Actually, any halfway decent firewall allows you to permit certain ICMP
type codes while rejecting others. Not a perfect solution, but, for the
most part, there aren't a lot of fragmentation-needed exploits running
around. (In fact, I'm hard pressed to imagine how a Frag needed packet
for an invalid session could do much of anything).

Owen

there are expert modes where you can apply the
name source destination protocol time comments. rank state action track
for more stabilized dedicated connections

I am certain there are more depending on the vender

-Henry

You can use a forged 'frag needed' to stomp an existing connection of the
victim's down to 64 byte MTU or similar silliness, but other than sheer
"it's a packet" DDoS effects, I can't think of a malicious use for one for
an invalid session either....

Agreed. However, the former pretty much requires knowledge, a lot of packets,
or a really lucky set of guesses.

Owen

Given the nastiness of ICMP DDoS attacks of late, it might be better to

hit

the server and client admin's with the clue bat about not using PMTU
discovery (which also extends to the writers of the App's and OS's).
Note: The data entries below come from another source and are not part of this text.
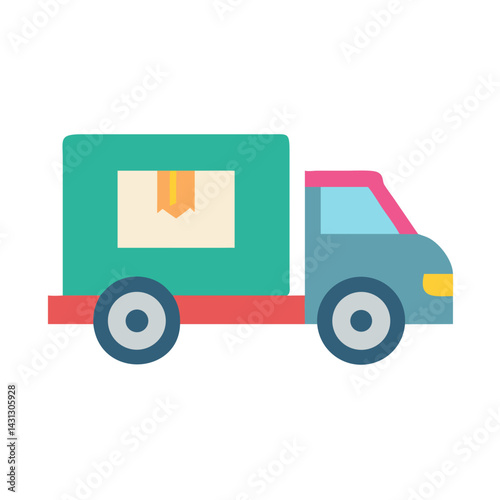 Cute Cartoon Delivery Truck Icon for Logistics, Shipping and Moving
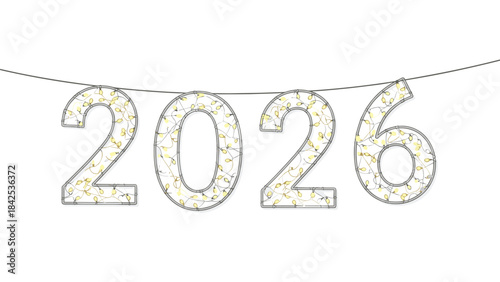 New years 2026 gold confetti banner on string with shiny decorations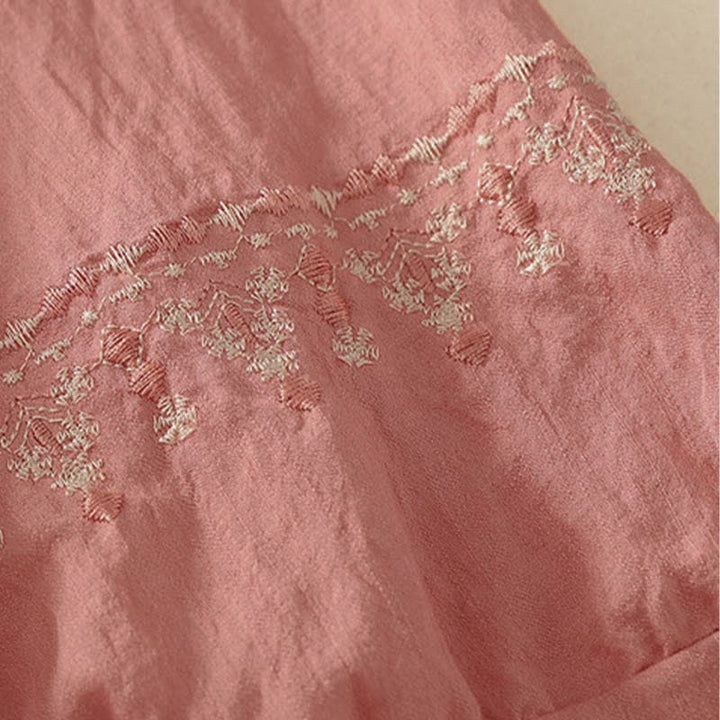 Buddha Stones Koszula damska z krótkim rękawem, haftowana, bawełniana, zapinana na pół guziki - image 10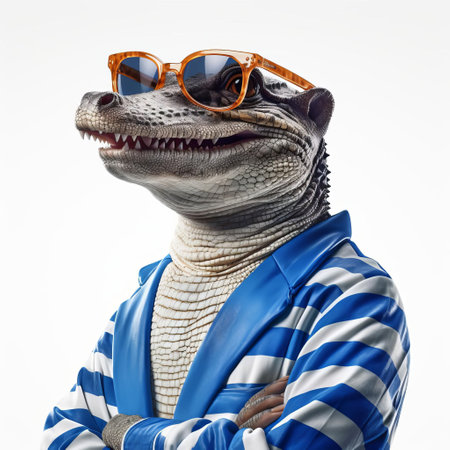 a playful caiman basks in the sunshine, sporting stylish sunglasses and a vibrant blue and white striped sweater for a hilarious and heartwarming photo op. ai generatedの素材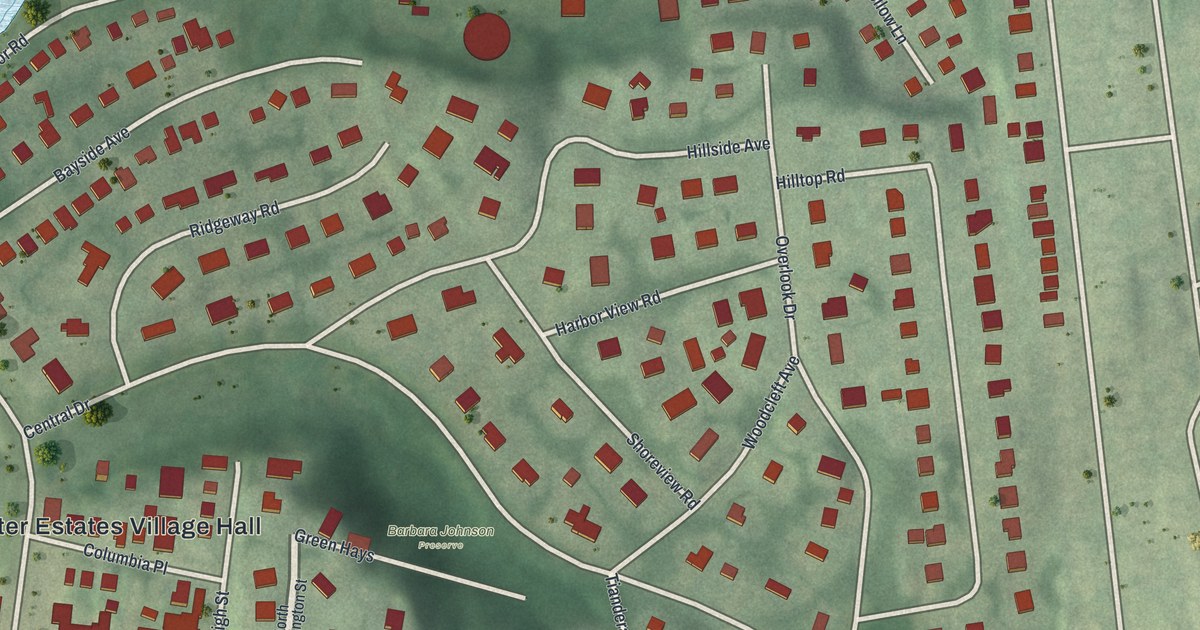 Map of Baxter Estates, New York in 2026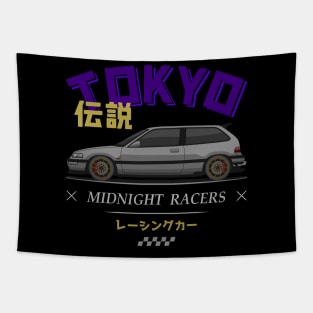 Midnight Racer Silver Kanjo EF JDM Tapestry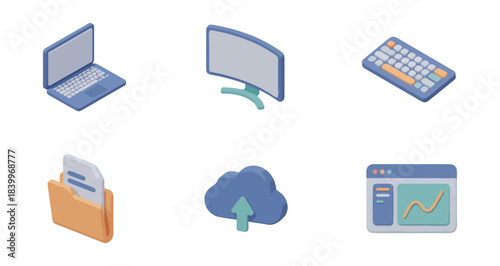 Isometric icon set of computer devices and cloud data
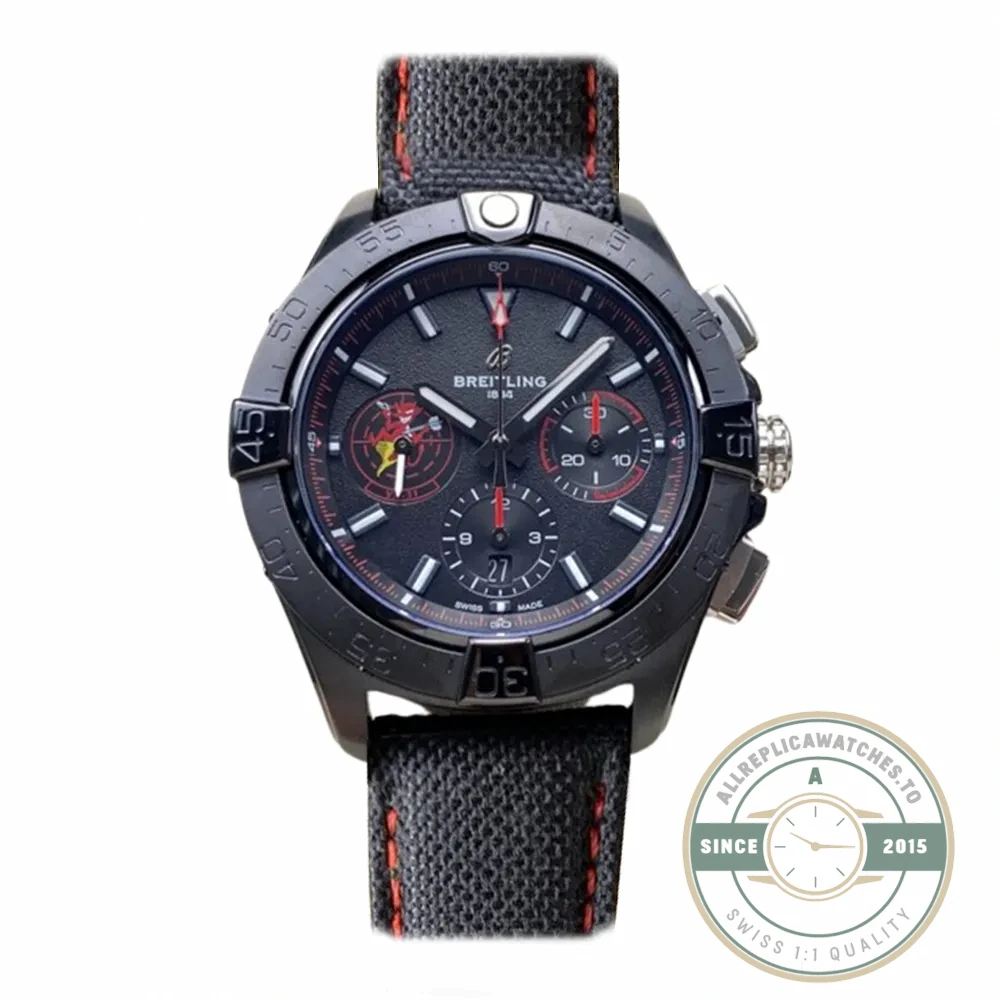 Replica Breitling Avenger Automatic Black Red Strap A13375101B1X2 - 1:1 Swiss Replica Watch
This idea that some protocol has been used for some form of attack means
that we should for now and evermore block that protocol leads clearly to a
network with all protocols blocked. No, I don't buy the argument that
icmp (at least most forms of it) should be blocked.

Frag.
is in the fast path of just about every current version of brand C code,

so

giving the tunneling folks the OK to frag the packet might be preferred

to

forcing them to mess about with alternate options.
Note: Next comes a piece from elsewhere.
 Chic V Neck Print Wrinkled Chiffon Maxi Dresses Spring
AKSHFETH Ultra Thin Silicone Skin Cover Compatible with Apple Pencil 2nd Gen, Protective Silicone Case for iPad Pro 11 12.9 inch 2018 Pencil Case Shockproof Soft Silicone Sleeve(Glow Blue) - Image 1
Fragmentation should be an ok eventuality for some traffic, but there are
a couple of points that make it more painful than it might seem:

1. Encapsulated traffic (such as most vpns - GRE, IPSEC, etc.) often
results in packets that subsequently need to be fragmented. That
typically yields lots of 1500 byte packets followed by 80 byte packets.
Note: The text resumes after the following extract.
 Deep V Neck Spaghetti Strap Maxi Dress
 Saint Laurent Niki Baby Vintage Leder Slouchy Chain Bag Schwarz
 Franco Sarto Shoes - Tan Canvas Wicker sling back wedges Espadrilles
2. I really don't know how NAPT routers deal with fragments. These guys
depend on the port information in a packet to reliably determine the
target of inbound traffic. But there is no port information in anything
other than fragment 1. When they receive a frag other than 1 they don't
definitely know who to deliver it to. They have to either guess or drop
the packet. Ugh, in both cases.

(And note that frag 1 often is not the first fragment to arrive at
downstream nodes. In my example in (1), frequently frag 2 will reach
places before frag 1 does (if any router along the path reorders its
transmit queue based on packet size).)

Tony Rall

Tony Rall wrote:

<snipped>

(And note that frag 1 often is not the first fragment to arrive at downstream nodes. In my example in (1), frequently frag 2 will reach places before frag 1 does (if any router along the path reorders its transmit queue based on packet size).)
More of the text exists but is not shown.